Saved entries

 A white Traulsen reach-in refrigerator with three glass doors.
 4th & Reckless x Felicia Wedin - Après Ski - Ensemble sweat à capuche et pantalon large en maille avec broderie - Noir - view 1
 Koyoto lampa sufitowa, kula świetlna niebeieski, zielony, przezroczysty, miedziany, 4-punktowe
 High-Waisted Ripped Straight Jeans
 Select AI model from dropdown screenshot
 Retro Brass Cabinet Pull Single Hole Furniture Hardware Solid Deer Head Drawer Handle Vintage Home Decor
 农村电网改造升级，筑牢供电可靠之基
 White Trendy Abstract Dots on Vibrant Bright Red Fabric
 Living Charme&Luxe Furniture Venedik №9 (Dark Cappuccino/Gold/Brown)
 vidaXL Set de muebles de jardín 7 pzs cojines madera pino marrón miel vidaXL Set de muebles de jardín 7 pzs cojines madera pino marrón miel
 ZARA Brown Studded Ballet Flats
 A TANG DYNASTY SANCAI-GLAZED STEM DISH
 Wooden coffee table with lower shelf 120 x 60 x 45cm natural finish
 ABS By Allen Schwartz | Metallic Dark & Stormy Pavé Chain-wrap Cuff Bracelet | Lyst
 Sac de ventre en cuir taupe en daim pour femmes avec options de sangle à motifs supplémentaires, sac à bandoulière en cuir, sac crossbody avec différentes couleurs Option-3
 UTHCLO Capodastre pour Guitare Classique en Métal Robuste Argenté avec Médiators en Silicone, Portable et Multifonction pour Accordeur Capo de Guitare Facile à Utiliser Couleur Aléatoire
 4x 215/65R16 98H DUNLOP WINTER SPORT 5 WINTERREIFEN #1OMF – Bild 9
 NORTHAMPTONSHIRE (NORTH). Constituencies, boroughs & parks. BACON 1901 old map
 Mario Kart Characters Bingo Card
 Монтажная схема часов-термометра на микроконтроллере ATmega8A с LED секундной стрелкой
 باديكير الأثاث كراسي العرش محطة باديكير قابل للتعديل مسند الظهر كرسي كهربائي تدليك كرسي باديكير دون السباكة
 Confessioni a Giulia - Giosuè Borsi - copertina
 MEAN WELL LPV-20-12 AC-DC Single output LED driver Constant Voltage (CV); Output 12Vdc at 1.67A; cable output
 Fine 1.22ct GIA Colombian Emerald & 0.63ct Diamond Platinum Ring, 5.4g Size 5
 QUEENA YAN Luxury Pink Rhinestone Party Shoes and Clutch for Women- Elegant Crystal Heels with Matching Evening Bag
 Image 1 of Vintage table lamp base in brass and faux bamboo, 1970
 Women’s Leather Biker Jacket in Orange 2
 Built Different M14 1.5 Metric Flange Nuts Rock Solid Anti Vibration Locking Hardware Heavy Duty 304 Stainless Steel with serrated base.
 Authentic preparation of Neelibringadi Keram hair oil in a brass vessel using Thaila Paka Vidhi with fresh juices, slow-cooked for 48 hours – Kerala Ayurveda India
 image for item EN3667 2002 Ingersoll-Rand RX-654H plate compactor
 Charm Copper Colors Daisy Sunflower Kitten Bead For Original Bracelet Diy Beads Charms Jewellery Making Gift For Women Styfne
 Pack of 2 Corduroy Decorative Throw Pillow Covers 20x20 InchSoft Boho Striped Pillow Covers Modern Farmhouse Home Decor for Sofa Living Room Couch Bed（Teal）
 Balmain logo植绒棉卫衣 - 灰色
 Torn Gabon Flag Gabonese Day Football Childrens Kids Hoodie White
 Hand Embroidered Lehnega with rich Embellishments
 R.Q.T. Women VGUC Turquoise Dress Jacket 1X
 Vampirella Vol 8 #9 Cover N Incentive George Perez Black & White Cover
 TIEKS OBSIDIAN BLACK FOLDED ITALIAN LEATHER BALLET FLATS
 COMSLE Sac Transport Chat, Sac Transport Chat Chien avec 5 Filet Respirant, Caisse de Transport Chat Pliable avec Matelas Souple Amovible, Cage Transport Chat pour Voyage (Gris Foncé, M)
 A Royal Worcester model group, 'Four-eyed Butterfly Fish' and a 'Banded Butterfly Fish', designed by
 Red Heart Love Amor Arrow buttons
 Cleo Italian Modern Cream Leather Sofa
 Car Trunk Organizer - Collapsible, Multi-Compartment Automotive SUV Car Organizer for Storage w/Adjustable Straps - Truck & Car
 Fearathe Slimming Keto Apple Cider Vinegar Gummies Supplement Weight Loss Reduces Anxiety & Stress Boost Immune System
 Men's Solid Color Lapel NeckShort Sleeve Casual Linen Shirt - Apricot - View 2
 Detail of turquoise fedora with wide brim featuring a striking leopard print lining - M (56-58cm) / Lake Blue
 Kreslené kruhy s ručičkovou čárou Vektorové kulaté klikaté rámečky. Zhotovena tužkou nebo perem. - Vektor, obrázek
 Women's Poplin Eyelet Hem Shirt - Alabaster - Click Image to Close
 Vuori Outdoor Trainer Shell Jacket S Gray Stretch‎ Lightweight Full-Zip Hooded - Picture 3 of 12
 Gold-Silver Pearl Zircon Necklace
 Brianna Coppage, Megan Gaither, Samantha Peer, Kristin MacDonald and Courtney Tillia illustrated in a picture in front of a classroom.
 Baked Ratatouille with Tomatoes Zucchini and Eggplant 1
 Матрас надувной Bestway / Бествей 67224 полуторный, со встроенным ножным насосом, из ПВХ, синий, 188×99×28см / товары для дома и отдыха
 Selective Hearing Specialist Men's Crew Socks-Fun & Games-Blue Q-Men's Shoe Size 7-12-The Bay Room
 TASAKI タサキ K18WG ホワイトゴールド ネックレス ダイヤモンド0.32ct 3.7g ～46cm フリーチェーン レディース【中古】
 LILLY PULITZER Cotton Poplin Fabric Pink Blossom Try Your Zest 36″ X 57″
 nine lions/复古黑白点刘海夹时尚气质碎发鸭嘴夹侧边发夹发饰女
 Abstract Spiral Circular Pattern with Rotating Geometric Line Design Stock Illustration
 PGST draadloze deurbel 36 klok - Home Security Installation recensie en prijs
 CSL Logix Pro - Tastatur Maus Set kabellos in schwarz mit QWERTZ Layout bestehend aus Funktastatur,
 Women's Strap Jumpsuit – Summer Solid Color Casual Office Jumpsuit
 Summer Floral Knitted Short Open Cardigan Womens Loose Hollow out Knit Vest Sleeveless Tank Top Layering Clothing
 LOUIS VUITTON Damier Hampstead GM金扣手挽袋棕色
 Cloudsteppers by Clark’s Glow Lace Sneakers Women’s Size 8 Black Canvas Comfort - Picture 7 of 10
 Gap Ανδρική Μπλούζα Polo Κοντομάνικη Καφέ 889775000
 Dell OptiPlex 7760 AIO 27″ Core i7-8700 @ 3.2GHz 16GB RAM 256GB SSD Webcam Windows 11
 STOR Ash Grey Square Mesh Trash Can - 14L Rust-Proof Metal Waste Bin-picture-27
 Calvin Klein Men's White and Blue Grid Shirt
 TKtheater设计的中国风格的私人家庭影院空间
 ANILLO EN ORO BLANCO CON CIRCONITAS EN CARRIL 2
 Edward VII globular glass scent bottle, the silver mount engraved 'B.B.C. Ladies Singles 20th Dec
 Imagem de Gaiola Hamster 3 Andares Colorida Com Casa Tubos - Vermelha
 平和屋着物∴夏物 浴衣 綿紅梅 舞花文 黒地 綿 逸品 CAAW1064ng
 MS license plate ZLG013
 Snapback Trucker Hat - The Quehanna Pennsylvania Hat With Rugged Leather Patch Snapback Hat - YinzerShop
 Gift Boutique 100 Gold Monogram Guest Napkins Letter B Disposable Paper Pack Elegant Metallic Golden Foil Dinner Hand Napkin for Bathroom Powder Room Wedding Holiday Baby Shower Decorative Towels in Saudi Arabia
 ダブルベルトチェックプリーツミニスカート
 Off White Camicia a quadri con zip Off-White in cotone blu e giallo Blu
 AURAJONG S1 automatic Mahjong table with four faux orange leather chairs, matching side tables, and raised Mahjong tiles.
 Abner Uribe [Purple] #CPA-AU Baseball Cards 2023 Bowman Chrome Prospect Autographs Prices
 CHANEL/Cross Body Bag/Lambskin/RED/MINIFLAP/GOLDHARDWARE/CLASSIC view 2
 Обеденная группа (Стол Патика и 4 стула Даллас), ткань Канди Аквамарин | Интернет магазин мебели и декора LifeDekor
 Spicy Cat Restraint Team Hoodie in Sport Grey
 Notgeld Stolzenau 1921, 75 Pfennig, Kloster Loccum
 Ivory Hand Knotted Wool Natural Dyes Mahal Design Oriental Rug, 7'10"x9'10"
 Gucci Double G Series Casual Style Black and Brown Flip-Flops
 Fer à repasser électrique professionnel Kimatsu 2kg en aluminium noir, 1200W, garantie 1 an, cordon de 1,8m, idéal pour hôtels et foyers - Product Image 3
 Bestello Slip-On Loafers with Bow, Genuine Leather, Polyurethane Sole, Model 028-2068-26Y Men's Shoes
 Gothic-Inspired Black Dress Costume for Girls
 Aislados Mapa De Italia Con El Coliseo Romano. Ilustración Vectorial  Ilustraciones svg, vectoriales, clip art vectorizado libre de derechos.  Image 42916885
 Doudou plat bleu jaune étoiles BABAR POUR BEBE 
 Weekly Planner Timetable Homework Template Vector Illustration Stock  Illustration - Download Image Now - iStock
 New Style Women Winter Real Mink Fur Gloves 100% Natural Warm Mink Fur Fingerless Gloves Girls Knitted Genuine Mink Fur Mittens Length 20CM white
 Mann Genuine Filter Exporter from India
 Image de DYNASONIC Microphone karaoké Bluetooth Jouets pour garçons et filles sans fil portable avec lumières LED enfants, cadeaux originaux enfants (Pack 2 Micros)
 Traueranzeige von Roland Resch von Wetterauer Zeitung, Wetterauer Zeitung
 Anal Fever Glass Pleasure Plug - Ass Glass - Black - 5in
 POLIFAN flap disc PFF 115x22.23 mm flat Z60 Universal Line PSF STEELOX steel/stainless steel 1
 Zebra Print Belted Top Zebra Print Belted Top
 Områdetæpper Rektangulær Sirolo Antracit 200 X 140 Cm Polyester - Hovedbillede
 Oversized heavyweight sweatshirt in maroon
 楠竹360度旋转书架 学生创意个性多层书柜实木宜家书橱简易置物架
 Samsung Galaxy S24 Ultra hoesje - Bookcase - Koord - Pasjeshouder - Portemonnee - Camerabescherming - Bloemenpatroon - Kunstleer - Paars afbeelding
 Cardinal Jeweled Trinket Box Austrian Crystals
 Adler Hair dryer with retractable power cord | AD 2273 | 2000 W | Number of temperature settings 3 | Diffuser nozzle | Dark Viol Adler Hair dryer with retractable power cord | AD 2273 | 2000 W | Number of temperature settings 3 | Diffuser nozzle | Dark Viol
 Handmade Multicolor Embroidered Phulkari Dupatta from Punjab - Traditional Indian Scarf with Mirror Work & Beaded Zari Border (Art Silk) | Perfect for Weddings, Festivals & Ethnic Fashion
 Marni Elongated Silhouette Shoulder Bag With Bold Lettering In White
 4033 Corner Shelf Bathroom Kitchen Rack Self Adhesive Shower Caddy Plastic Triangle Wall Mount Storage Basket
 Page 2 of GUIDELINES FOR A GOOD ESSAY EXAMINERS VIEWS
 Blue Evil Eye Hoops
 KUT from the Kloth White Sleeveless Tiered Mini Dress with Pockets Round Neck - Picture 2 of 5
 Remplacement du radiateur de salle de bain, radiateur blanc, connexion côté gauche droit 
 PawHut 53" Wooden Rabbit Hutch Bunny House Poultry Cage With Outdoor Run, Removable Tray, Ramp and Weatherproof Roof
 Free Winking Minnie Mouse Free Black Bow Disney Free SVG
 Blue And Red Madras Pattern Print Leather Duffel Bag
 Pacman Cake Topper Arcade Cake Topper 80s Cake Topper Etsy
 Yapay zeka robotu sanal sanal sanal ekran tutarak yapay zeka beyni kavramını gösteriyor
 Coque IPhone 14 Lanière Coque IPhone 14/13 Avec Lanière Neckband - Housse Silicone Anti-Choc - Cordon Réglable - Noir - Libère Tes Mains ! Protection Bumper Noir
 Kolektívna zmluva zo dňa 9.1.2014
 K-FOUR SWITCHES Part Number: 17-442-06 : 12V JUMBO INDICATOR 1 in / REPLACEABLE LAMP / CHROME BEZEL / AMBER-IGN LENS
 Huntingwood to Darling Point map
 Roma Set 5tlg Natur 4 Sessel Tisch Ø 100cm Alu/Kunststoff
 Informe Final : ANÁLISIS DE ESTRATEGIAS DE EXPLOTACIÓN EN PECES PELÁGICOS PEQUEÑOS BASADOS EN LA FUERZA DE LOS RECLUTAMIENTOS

PROBLEM REQUIREMENTS: In the data above, start at the line that has "Women's Strap Jumpsuit", stop after the line that has "LOUIS VUITTON Damier Hampstead GM金扣手挽袋棕色", and print every line in between exactly as it stands.

FINISHED EXERCISE:
 Women's Strap Jumpsuit – Summer Solid Color Casual Office Jumpsuit
 Summer Floral Knitted Short Open Cardigan Womens Loose Hollow out Knit Vest Sleeveless Tank Top Layering Clothing
 LOUIS VUITTON Damier Hampstead GM金扣手挽袋棕色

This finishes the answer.